Fortunately, Etsy is anything but the only company in the world with this problem. When I was preparing for 2014, I scheduled meetings with my counterparts at a number of other companies to learn what they were doing in terms of data and analytics. When I came back, I had a pretty good idea of what we needed to do next year to harmonize all of our dispirate systems – set up infrastructure to allow them to communicate with one another using streams of events, otherwise known as logs.
Then, just about the time I was finished writing the 2014 plan, Jay Kreps published The Log: What every software engineer should know about real-time data’s unifying abstraction on the LinkedIn Engineering Blog. In it, he documents the philosophical underpinnings of pretty much everything I talked about in the plan.
The point of his post is that a log containing all of the changes to a data set from the beginning is a valid representation of that data set. This representation offers some benefits that other representations of the same data set do not, especially when it comes to replicating and transforming that dataset.
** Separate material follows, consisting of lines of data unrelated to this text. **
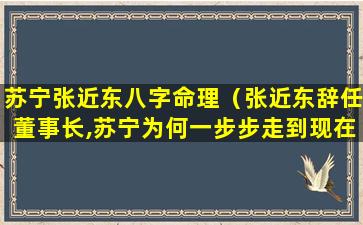 苏宁张近东八字命理（张近东辞任董事长,苏宁为何一步步走到现在）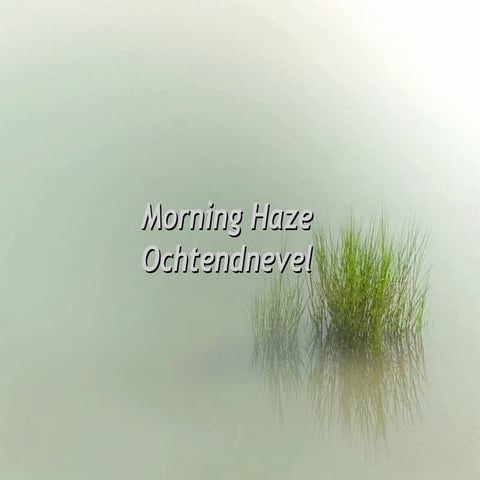 Beautiful fog | PPS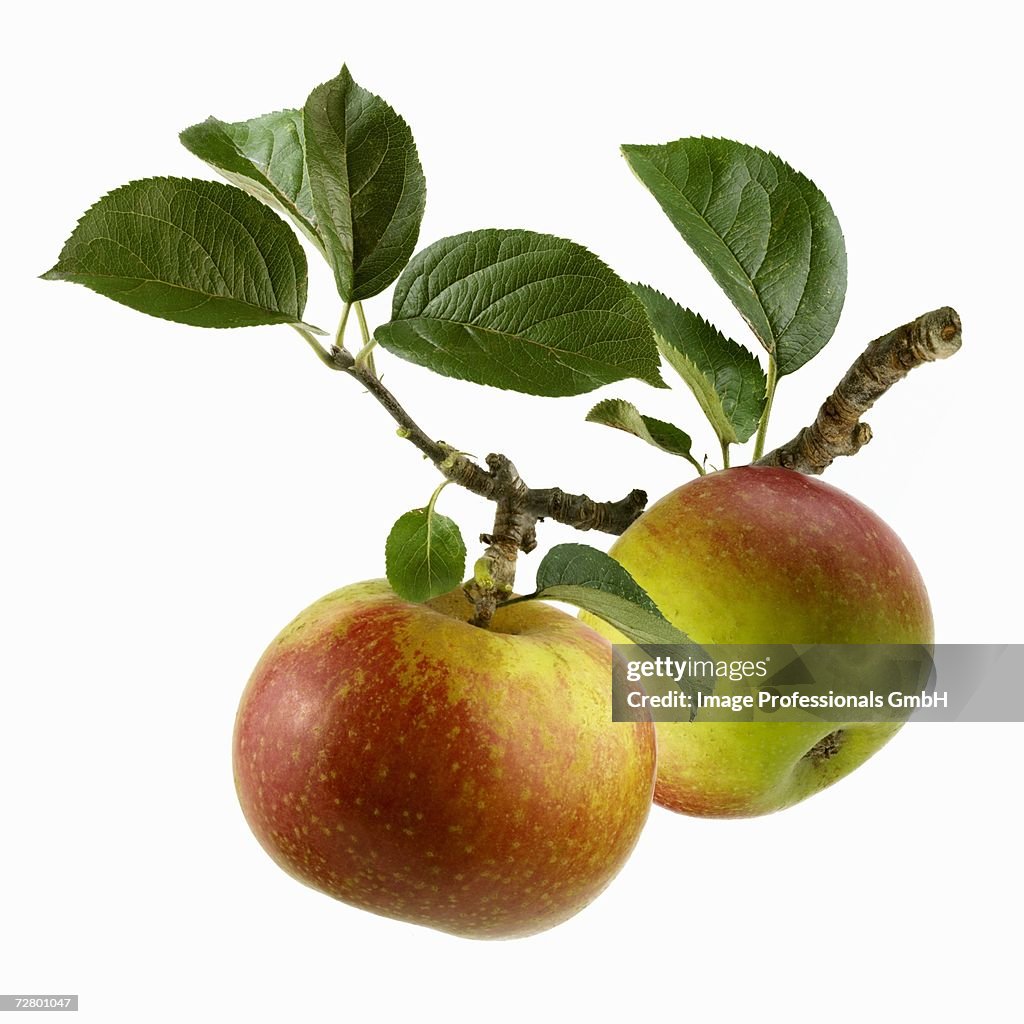 Two apples on branch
As it turns out, even though most engineers use logging, they are probably underexploiting logs in the form that Kreps describes in a pretty serious way. How do we scale up on the Web? We move more operations from synchronous to asynchronous execution, and we diversify our data stores and the ways in which we use them. (Even at Etsy, where we are heavily committed to MySQL, we use it in a variety of ways, some of which resemble key/value stores.) Representing data as a log makes it easier to handle asynchronous operations and diverse data stores, providing a clear path to scaling upward.
Kreps’ thoughts on logs are a must-read for any engineer working on the Web. I expect I’m not the only person who found that post to be perfectly timed.